■ DATA SUPPLIED

***

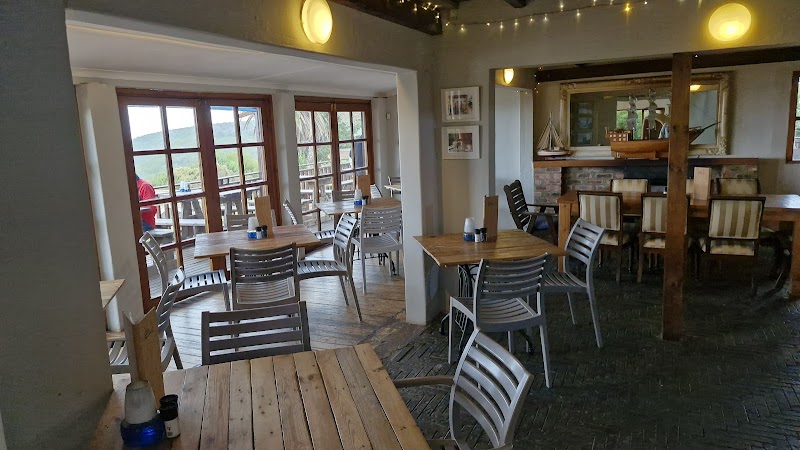 Dutton's Cove Restaurant — photo 5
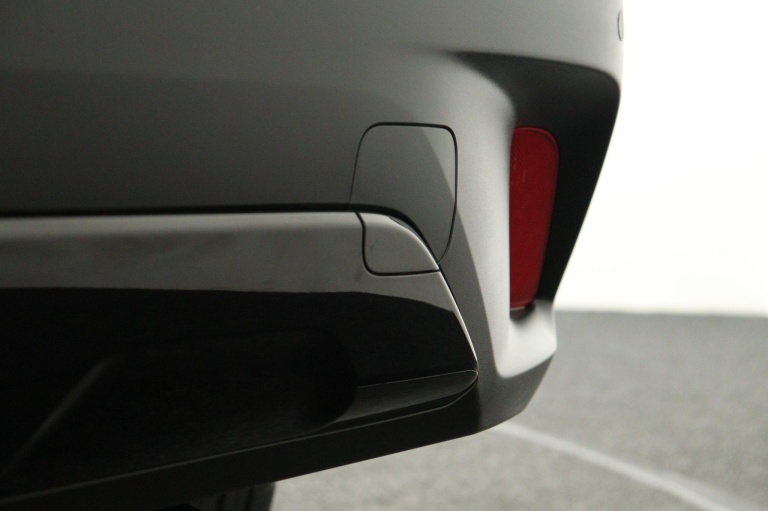 Toyota Corolla Cross - Hybrid 200 Dynamic Limited 37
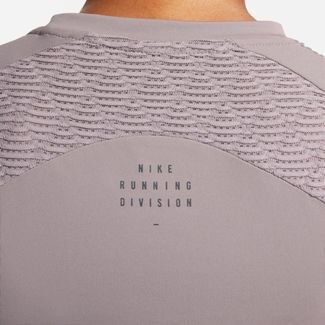 Camiseta Nike Dri-FIT Run Division Feminina - Compre Agora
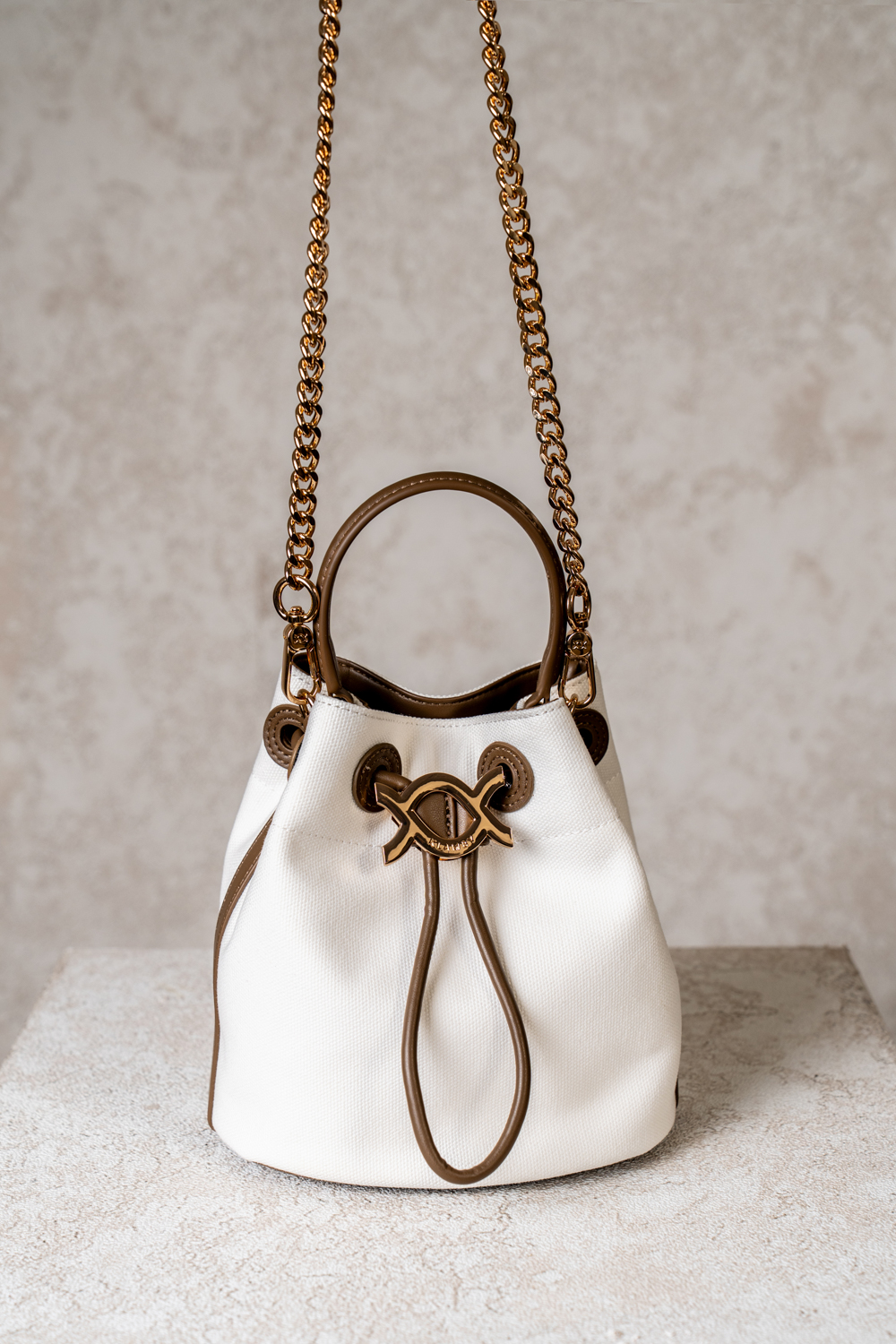 Ava Bucket Bag Medium (Minor)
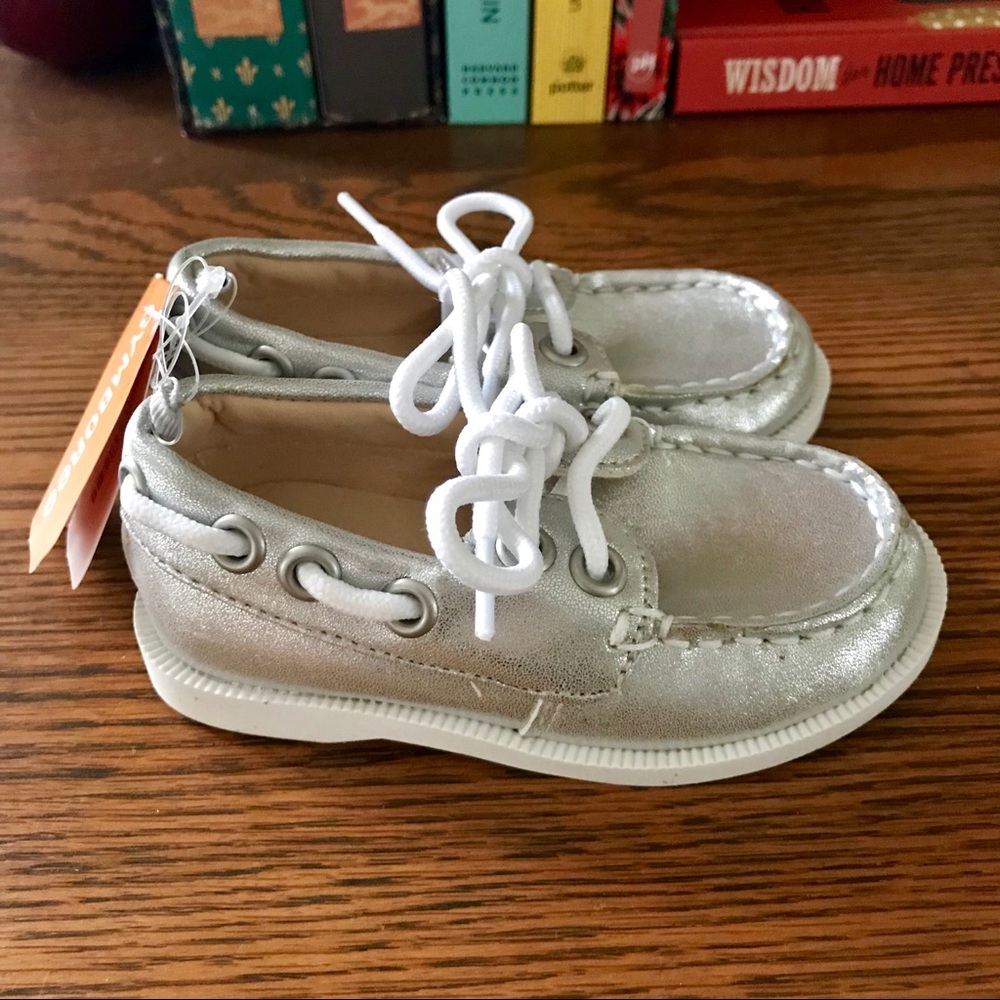 NWT Gymboree Shoes Baby Silver Dress Sneaker Fancy - Picture 1 of 6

***

■ WHAT TO PRODUCE
With the pictures omitted, copy exactly the lines from the line that contains "Camiseta Nike Dri-FIT" through the end of the material.

■ EXERCISE ANSWER
 Camiseta Nike Dri-FIT Run Division Feminina - Compre Agora
 Ava Bucket Bag Medium (Minor)
 NWT Gymboree Shoes Baby Silver Dress Sneaker Fancy - Picture 1 of 6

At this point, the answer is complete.